# Conditional Probability: Sample Space, Observation Space, Random Variable, etc.

• Rasalhague
In summary, conditional probability is a way of thinking about probability that considers events with respect to a particular event set.
Rasalhague
I'm wondering how conditional probability relates to concepts of sample space, observation space, random variable, etc. Using the notation introduced in the OP here, how would one define the standard notation for conditional probability "P(B|A)" where A and B are both subsets of some sample space S?
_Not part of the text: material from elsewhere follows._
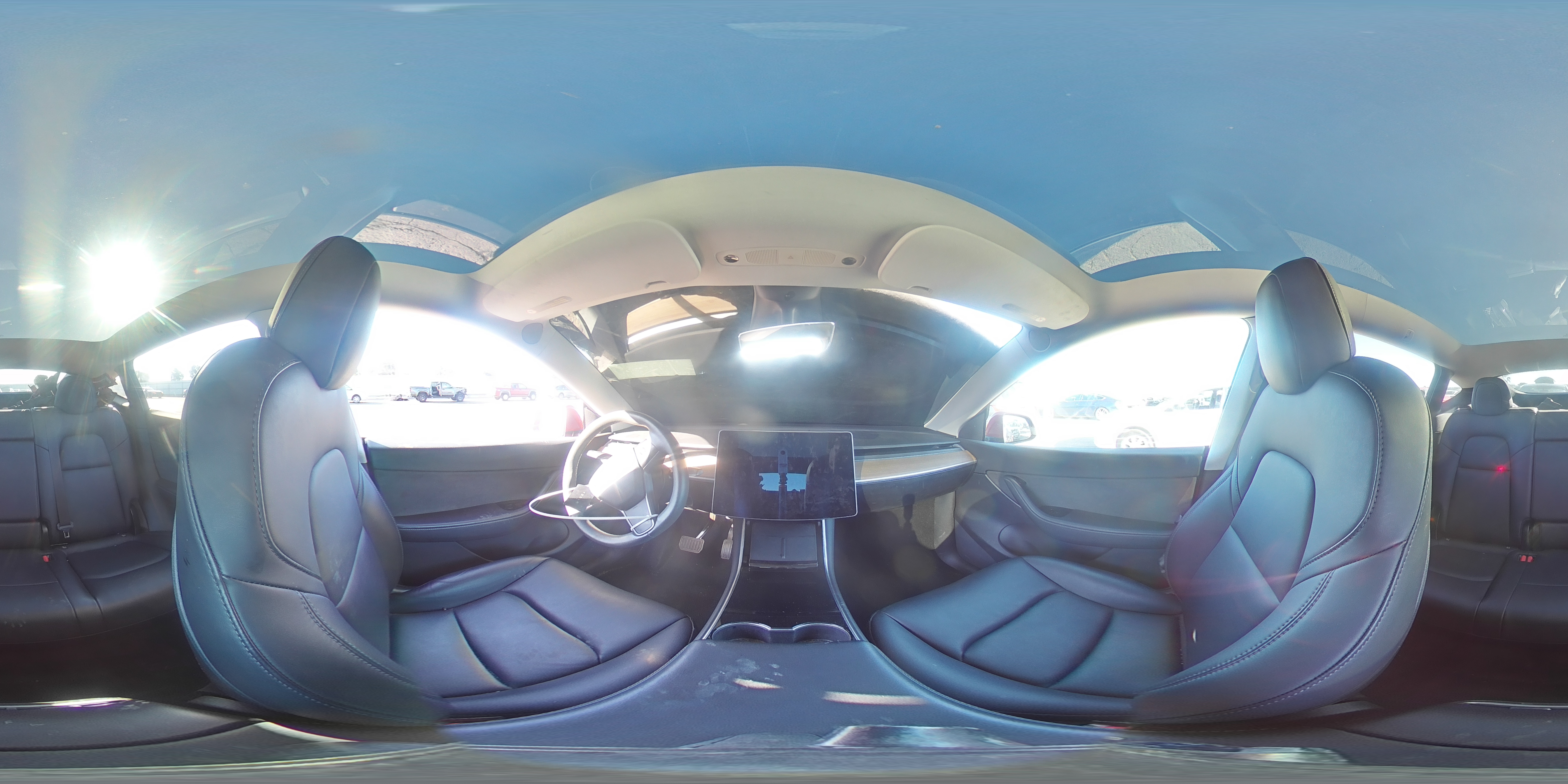 2021 Tesla Model Y VIN: 5YJYGDEE0MF093846 Lot: 85512955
Suppose P(A) is nonzero. I'm thinking there's an implicit random variable, namely the identity function on S. So S is both sample space and observation space. And the distribution of S-as-observation-space is Q : E --> [0,1] such that Q(B&A) = P(B&A)/P(A). Then P(_|_) is a function R : E x E --> [0,1], defined by:

If P(A) = 0, then R(B,A) = 0,
otherwise R(B,A) = Q(B&A).

Does that work, and is it how conditional probability is usually formalised in this system?

EDIT: On 2nd thoughts, the step of talking about a random variable and an observation space seems a bit superfluous, since we could just define conditional probability directly by the formula. Still, it gaves me a chance to test my understanding of the concepts...

Last edited:

The best way to think about conditional probability is to to think about having a two-way table (think matrix looking table) with all values of A and B (for the moment assume that the sample space is countable).

For certain values of A and B, you find P(A and B) for the appropriate values.

Now using this, we see that P(A|B) = P(A and B)/P(B). In seeing this we see that this is simply a ratio of an event with respect to a subspace B.

So the best way to visualize conditional probability is to think about things in terms of probability with respect to a particular set instead of the universal sample space.

The idea extends to continuous sample spaces just like you would think it should.

You can use different ways to formalize this idea, but the concept behind it is the same.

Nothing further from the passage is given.